これらサンショウの仲間は雌雄異株で,多くは表皮が突起した刺をもちます。日本の山野ではサンショウ,イヌザンショウの他にカラスザンショウ Z. ailanthoides Sieb. et Zucc.も見られ,薬用にはされていませんが,カラスが種子を好んで食べることからこの名がついたとされます。実際,カラスに限らず,ハトなどの鳥もよく実を食べます。またカラスザンショウは落葉高木であるのに対し,サンショウ,イヌザンショウは落葉低木です。イヌザンショウとサンショウは花期や花序,また葉の形も少し異なりますが,サンショウの刺が葉の基部近くの枝に対生するのに対し,イヌザンショウの刺は枝に互生することで明確に判別できます。なお,昨今市販されるサンショウのすりこぎはカラスザンショウのようです。
現在日本の「山椒」はアサクラザンショウZ. piperitum DC. f. inerme Makinoから栽培品種として派生したブドウサンショウから主に採集されており,奈良,和歌山県などで約25トンの生産があります。このアサクラザンショウは枝に刺がなく,個々の果実が大きく,強い芳香を有し,豊産性です。和名は但馬国朝倉山(現在の兵庫県養父市八鹿町)で見つけられたことに由来し,このうち果穂がふどうの房のように大きくなる品種がブドウサンショウと呼ばれるものです。

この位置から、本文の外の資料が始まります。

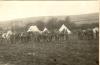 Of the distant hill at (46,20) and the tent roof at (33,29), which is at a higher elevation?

サンショウは中国でも日本でも古くから栽培されてきました。日本においては『和漢三才圖會』(1713,寺島良安)に「朝倉山椒は始め但馬の朝倉谷より出ず。丹波,丹後に多く其の枝を接ぎ・・・」とあることから江戸時代にはすでに接ぎ木によって栽培されていたことがうかがえます。現在でも繁殖は接ぎ木によっており,これはサンショウが移植にたいへん弱いこと,また実生では実がならない雄株も生えてくることなどに関係しているのでしょう。
なお,サンショウの古名「ハジカミ」は,一般には"はじかみら"の略で,"ハジ"ははぜる実,"カミラ"はニラの古名で味が似ていることに由来しているとされますが,そのほかにも,味が辛渋くて歯がしかむ(蹙)から,またハシアカミ(端赤実?)やハシタカラミ(歯舌辛)など,諸説があります。薬用には種子(椒目)の混入のないものが良質です。